Theory of work adjustment (TWA) tumbuh dari tradisi psikologi individu.Psikologi perbedaan individu adalah tentang variabiitas manusia.Variabilitas manusia tersebut menggambarkan individualitas manusia. Individualitas seperti itu dapat mengakibatkan konsekuensi yang berbeda dalam situasi yang sama. Dalam mempelajari fenomena ini, psikologi perbedaan individu berfokus pada variabel-variabel yang stabil dari waktu ke waktu.
Theory of work adjustment diawali dengan tiga asumsi dasar yaitu sebagai berikut:
1.    Sebagai living organisme
2.    Memiliki kemampuan yang memungkinkan untuk memenuhi persyaratan.
3.    Banyak perilaku dalam berinteraksi
                        Theory of Work Adjustment didasarkan pada hubungan antara individu dengan lingkungan kerjanya. Hubungan tersebut dimulai ketika individu memperlihatkan kemampuan atau keahlian yang memungkinkan untuk memberikan tanggapan terhadap kebutuhan kerja dari suatu lingkungan kerja. Dari lain pihak, lingkungan kerja menyediakan pendorong atau penghargaan tertentu seperti gaji, status, hubungan pribadi, dan lain-lain dalam hubungannya dengan kebutuhan individu.Jika individu memenuhi persyaratan kerja, maka karyawan akan dianggap sebagai pekerja-pekerja yang memuaskan dan diperkenankan untuk tetap bekerja di dalam badan usaha. Di lain pihak, jika kebutuhan kerja memenuhi kebutuhan individu atau memenuhi kebutuhan kerja, pekerja dianggap sebagai pekerja-pekerja yang puas.

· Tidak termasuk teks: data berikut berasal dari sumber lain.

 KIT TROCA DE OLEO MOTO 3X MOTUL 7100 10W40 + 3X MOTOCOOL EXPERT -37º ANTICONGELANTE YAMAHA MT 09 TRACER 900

            Individu berharap untuk dievaluasi oleh penyelia sebagai pekerja yang memuaskan ketika kemampuan dan keahlian individu memenuhi persyaratan kerja. Apabila pendorong-pendorong dari pekerjaan memenuhi kebutuhan kerja dari individu, mereka diharapkan untuk jadi pekerja yang puas. Seorang karyawan yang puas dan memuaskan diharapkan untuk melaksanakan pekerjaannya. Jika kemampuan dan persyaratan kerja tidak seimbang, maka pengunduran diri, tingkat pergantian, pemecatan dan penurunan jabatan dapat terjadi. Model Theory of Work Adjustment mengukur 20 dimensi yang menjelaskan 20 kebutuhan elemen atau kondisi penguat spesifik yang penting dalam menciptakan kepuasan kerja. Dimensi-dimensi tersebut dijelaskan sebagai berikut:
1.      Ability Utilization adalah pemanfaatan kecakapan yang dimiliki oleh karyawan.
2.      Achievement adalah prestasi yang dicapai selama bekerja.

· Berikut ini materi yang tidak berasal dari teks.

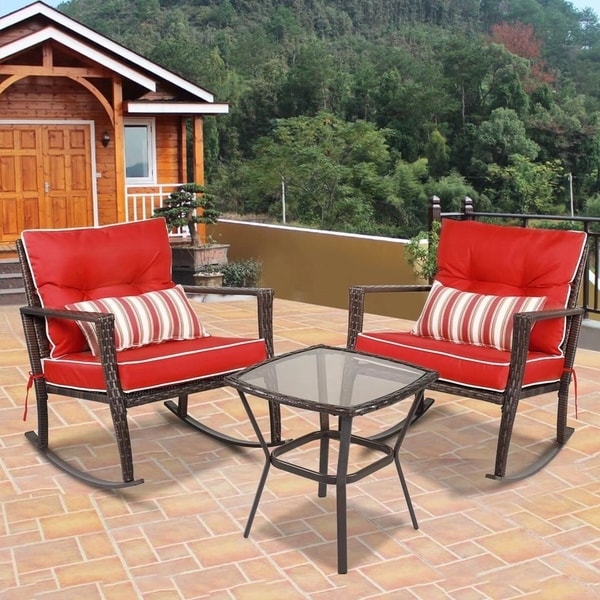 Outdoor Wicker Rocking Chair Set - fryskdesign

3.      Activity adalah segala macam bentuk aktivitas yang dilakukan dalam bekerja.
4.      Advancement adalah kemajuan atau perkembangan yang dicapai selama bekerja.

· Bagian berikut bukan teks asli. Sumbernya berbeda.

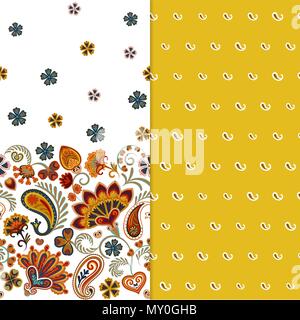 Set di due orizzontali seamless motivo floreale con paisley e fantasia fiori confine. Disegnata a mano la texture per i vestiti, biancheria, tessuto del vestito ecc. Giallo Illustrazione Vettoriale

5.      Authority adalah wewenang yang dimiliki dalam melakukan pekerjaan.
6.      Company Policies and Practices adalah kebijakan yang dilakukan adil bagi karyawan.
7.      Compensation adalah segala macam bentuk kompensasi yang diberikan kepada para karyawan.
8.      Co-workers adalah rekan sekerja yang terlibat langsung dalam pekerjaan.
9.      Creativity adalah kreatifitas yang dapat dilakukan dalam melakukan pekerjaan
10.  Independence adalah kemandirian yang dimiliki karyawan dalam bekerja.
11.  Moral values adalah nilai-nilai moral yang dimiliki karyawan dalam melakukan pekerjaannya seperti rasa bersalah atau terpaksa.
12.  Recognition adalah pengakuan atas pekerjaan yang dilakukan.
13.  Responsibility, tanggung jawab yang diemban dan dimiliki.
14.  Security, rasa aman yang dirasakan karyawan terhadap lingkungan kerjanya.
15.  Social Service adalah perasaan sosial karyawan terhadap lingkungan kerjanya.
16.  Social Status adalah derajat sosial dan harga diri yang dirasakan akibat dari pekerjaan.
17.  Supervision-Human Relations adalah dukungan yang diberikan oleh badan usaha terhadap pekerjanya.
18.  Supervision-Technical adalah bimbingan dan bantuan teknis yang diberikan atasan kepada karyawan.
19.  Variety adalah variasi yang dapat dilakukan karyawan dalam melakukan pekerjaannya.
20.  Working Conditions, keadaan tempat kerja dimana karyawan melakukan pekerjaannya.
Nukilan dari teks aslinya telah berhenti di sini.